Ülkemizin dört bir yanında, ciğerlerimiz olan ormanlar maalesef cayır cayır yanıyor.

Ülkemizin dört bir yanında, ciğerlerimiz olan ormanlar maalesef cayır cayır yanıyor. Her yaz benzer bir tabloyla karşılaşıyor, ne yazık ki çoğu zaman çaresizlik içinde izlemek zorunda kalıyoruz. Evet, mücadele ediliyor… Hem de büyük bir gayretle.
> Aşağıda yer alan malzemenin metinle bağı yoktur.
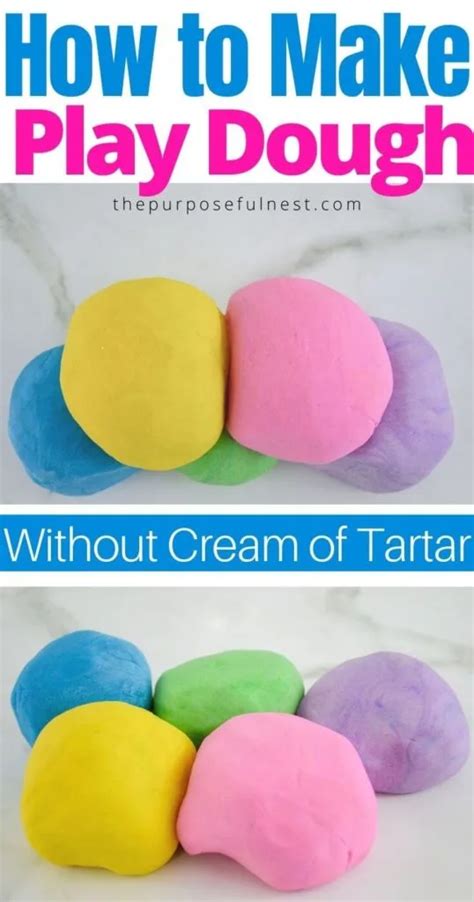 How To Make No Cook Playdough Without Cream Of Tartar The Purposeful Nest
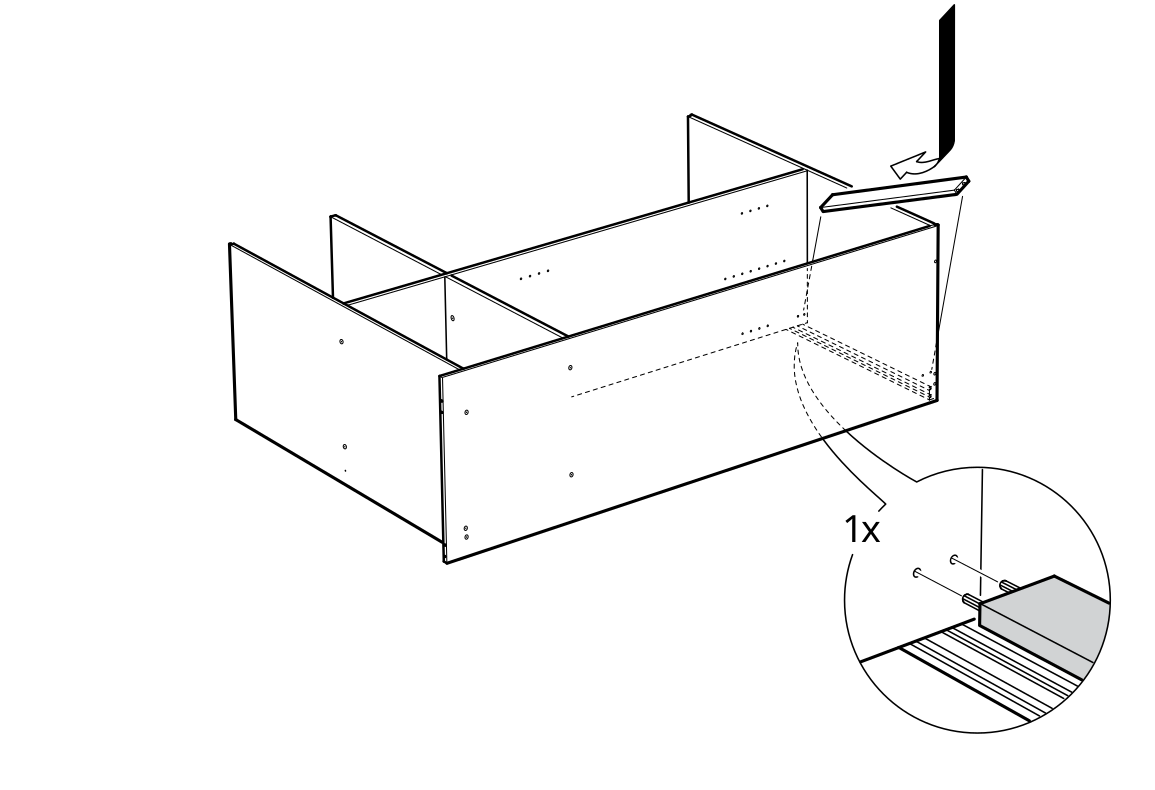 Diagram for step 13: Insert and position one unidentified panel or component into the assembled cabinet structure as shown.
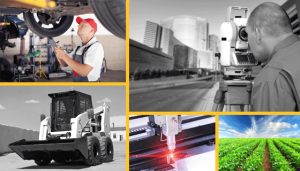 Photo collage showcasing automotive equipment, power equipment, agriculture, and geospatial equipment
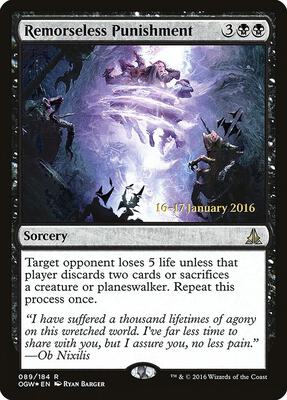 Remorseless Punishment card from Prerelease Cards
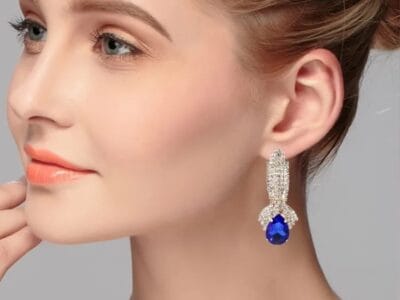 Ladies Vintage Luxury Diamond-shape Drop Long Earrings 1 Pair (Blue)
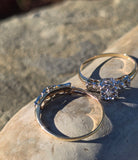 14k gold two-tone vintage diamond bridal set - heart & bells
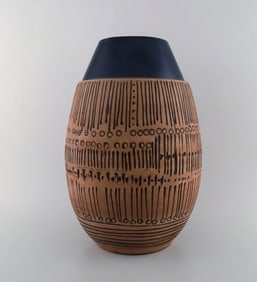 Lisa Larson for Gustavsberg. Huge Granada ceramic vase in modernist design. 1960 / 70's.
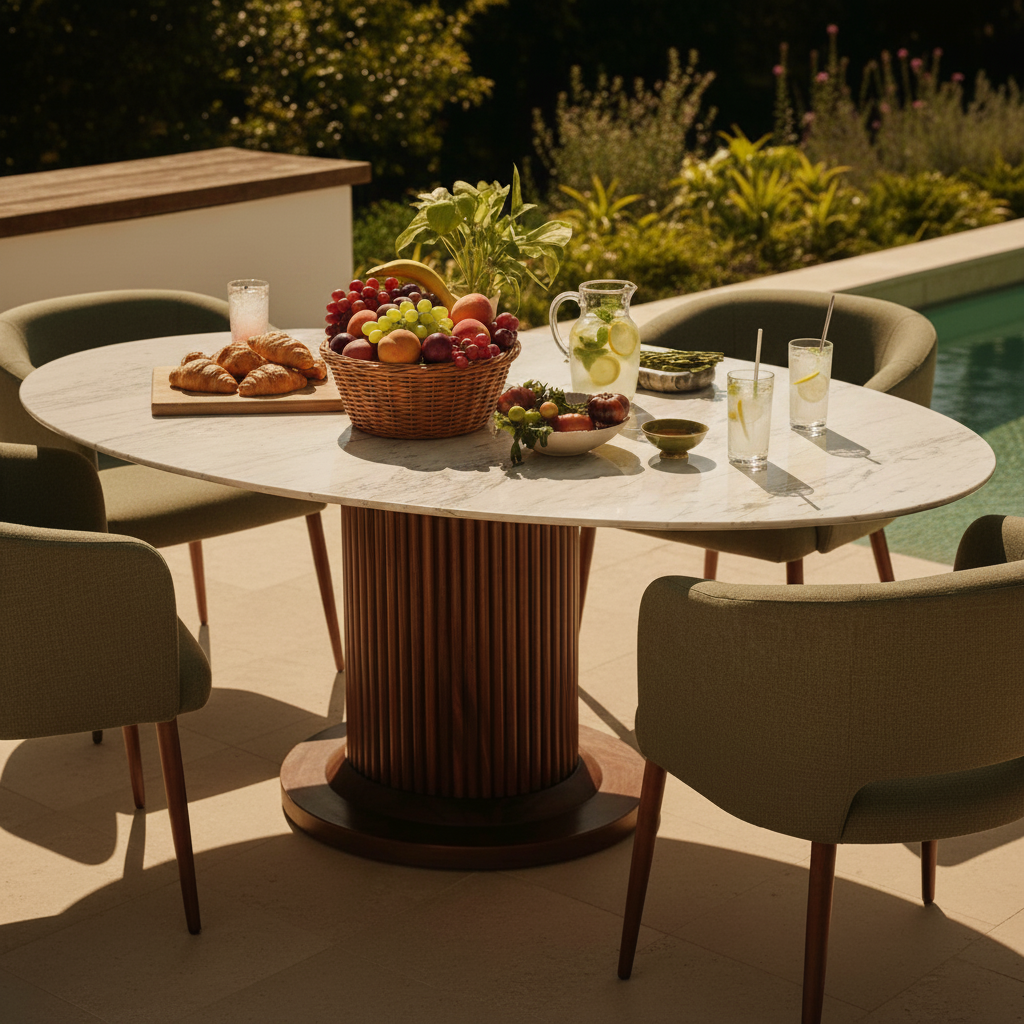 Fluted Marble Pedestal Dining Table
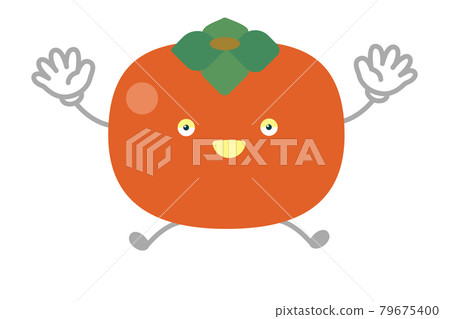 Vector illustration of a simple and cute persimmon character jumping Vector illustration of a simple and cute persimmon character jumping 79675400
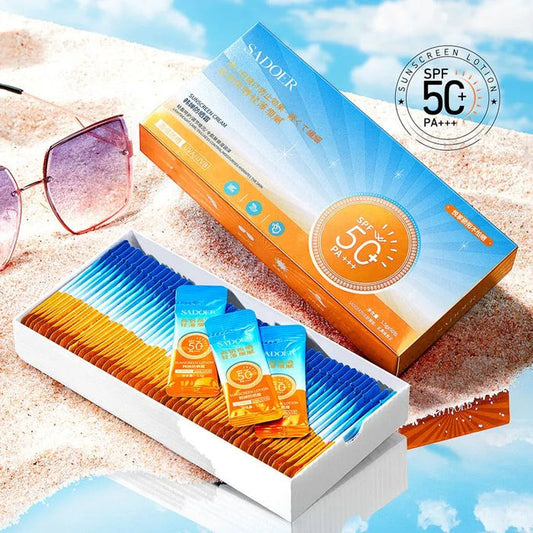 Sadoer Sunscreen Strips SPF50+ - Portable Pack of 50 for Facial UV Protection for Girls and Women - MAT Beauty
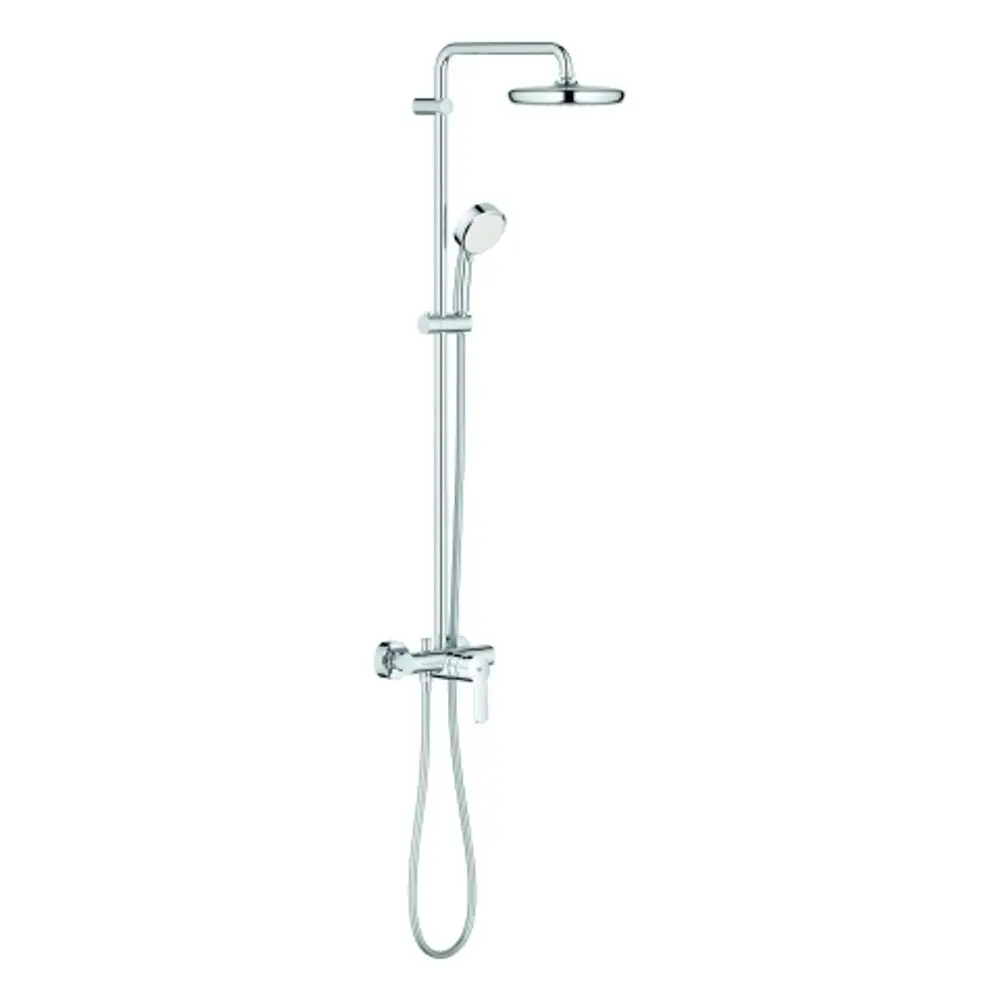 Duschsystem von Grohe mit einem oberen Regenhead und einem Handbrause, verbunden durch eine elegante Halterung und einem Einhandmischer für die Wasserregulierung.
Zamanında alınan önlemler, yoğun çabalar, uçaklar, helikopterler, kara araçları ve binlerce personelin katılımıyla sürdürülen amansız bir savaş… Ancak bu büyük çabaya rağmen ortaya çıkan zarar, yürek sızlatacak boyutlara ulaşıyor.
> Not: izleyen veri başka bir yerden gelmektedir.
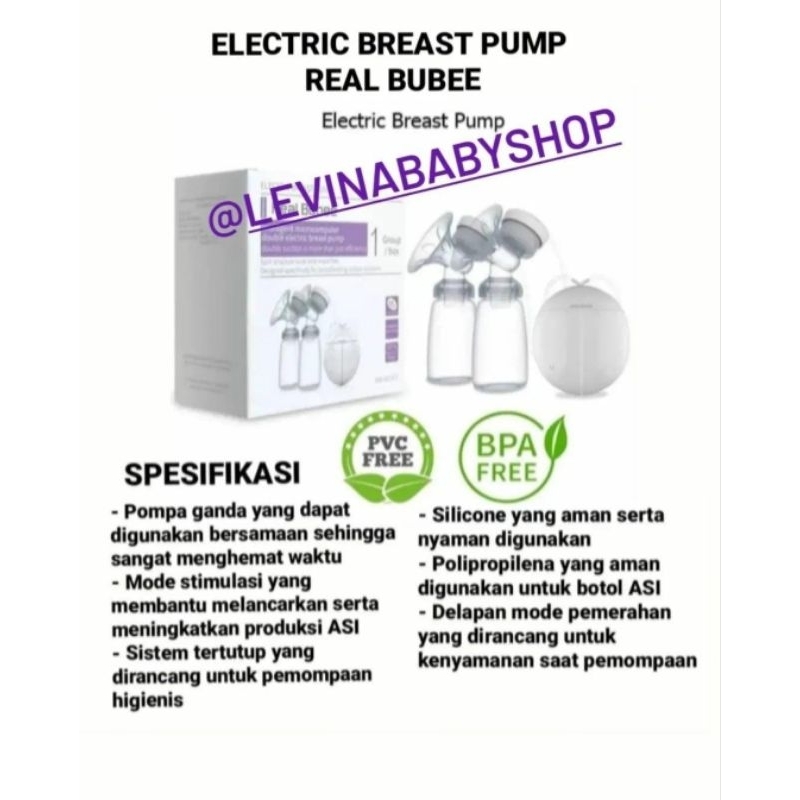Pompa Asi Elektrik Real Bubee / Breast Pump Electric Real Bubee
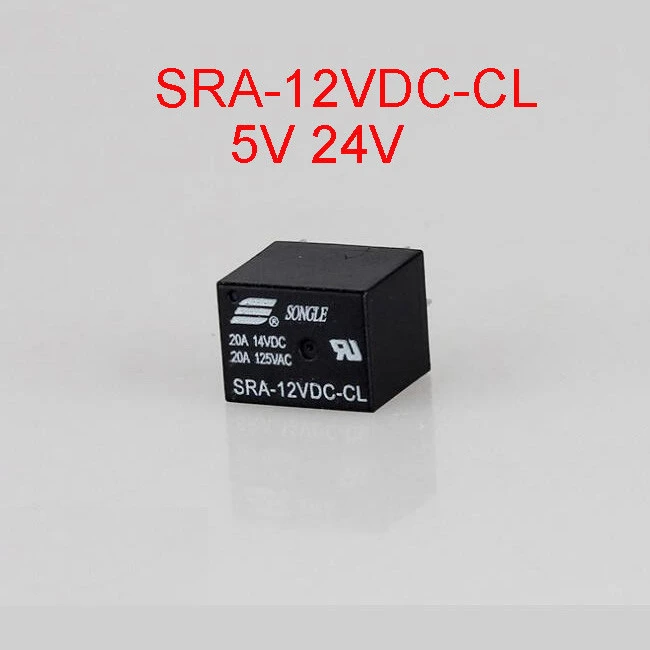 SRA-12VDC-CL 5V 12V 24V DC Coil Power Relay 20A 5 pin SRA-05VDC-CL SRA-24VDC-CL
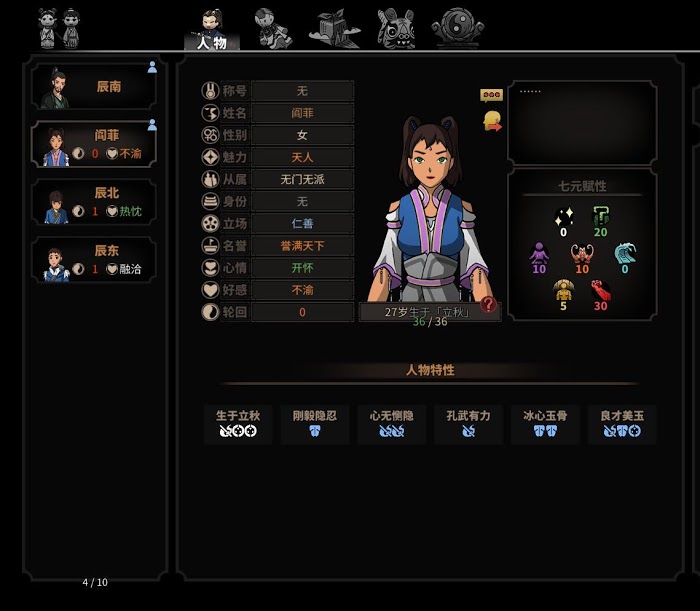 太吾繪卷 (The Scroll Of Taiwu) 人物特性遺傳機制推測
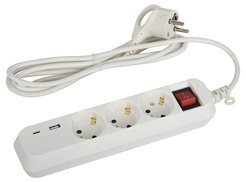 Удлинитель бытовой ЭРА 3 гнезда 1,5м с выключателем/USB/Тype-C с заземлением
Burada bir durup düşünmemiz gerekiyor: Bu kadar büyük bir çabaya rağmen neden her yıl bu denli büyük kayıplar veriyoruz?

Yanlış giden bir şeyler olduğu çok açık.

Belki hava araçlarımız yetersiz.

Belki helikopterler ihtiyaca cevap veremiyor.

Ya da kara ekipmanımız ve personel sayımız hala olması gereken seviyede değil.
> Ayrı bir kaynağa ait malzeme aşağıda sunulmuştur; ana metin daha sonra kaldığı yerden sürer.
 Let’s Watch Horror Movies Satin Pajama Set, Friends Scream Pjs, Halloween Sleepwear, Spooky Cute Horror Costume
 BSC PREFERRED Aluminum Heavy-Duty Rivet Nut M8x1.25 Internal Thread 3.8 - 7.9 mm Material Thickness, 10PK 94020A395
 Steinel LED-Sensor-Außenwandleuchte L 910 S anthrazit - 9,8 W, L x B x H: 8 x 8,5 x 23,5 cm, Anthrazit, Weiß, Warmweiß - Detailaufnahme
Bu tablo bize gösteriyor ki; orman yangınlarıyla mücadele politikamız köklü bir şekilde yeniden ele alınmalı.

Hava ve kara araçlarının, bu araçlara bağlı ekipmanların ve en önemlisi insan gücünün sayısı artırılmalı

Dünyanın yangınla mücadelede başarılı olmuş ülkeleri incelenerek, onların kullandığı teknik ve taktikler ülkemize uyarlanmalı.

Artık ezberleri bozmanın ve günü kurtaran değil, geleceği planlayan bir sisteme geçmenin zamanı gelmiştir.

Aslında mesele sadece yangın da değil. Sel, deprem, toprak kaymaları ve bunun gibi afetlerin her biri ayrı bir kriz yönetimi gerektiriyor.

Her afette yeniden koordinasyon sağlamak, ayrı kurumlardan destek istemek, geçici çözümler üretmek hem vakit kaybına yol açıyor hem de ciddi can ve mal kayıplarına neden oluyor.

Bu nedenle artık “afet” işlerinin tek çatı altında toplandığı, uzmanlaşmış ve tam donanımlı bir “Afet Bakanlığı”nın kurulması elzem ve kaçınılmazdır.

Kurulacak bu yeni bakanlığın temel görevi; yalnızca afetlerle mücadele etmek değil, aynı zamanda bu alandaki tüm bilgi, tecrübe ve eğitimi tek elde toplamak olmalıdır.

Afet anlarında hızlı ve etkin müdahale kadar, afet öncesinde alınacak önlemler, halkın bilinçlendirilmesi ve profesyonel eğitimlerin verilmesi de bu bakanlığın asli görevleri arasında yer almalıdır…

Türkiye’nin geleceği, afetlere hazırlıklı olmaktan geçiyor. Daha fazla orman, daha fazla can, daha fazla umut kaybetmeden gereken adımlar bir an önce atılmalı.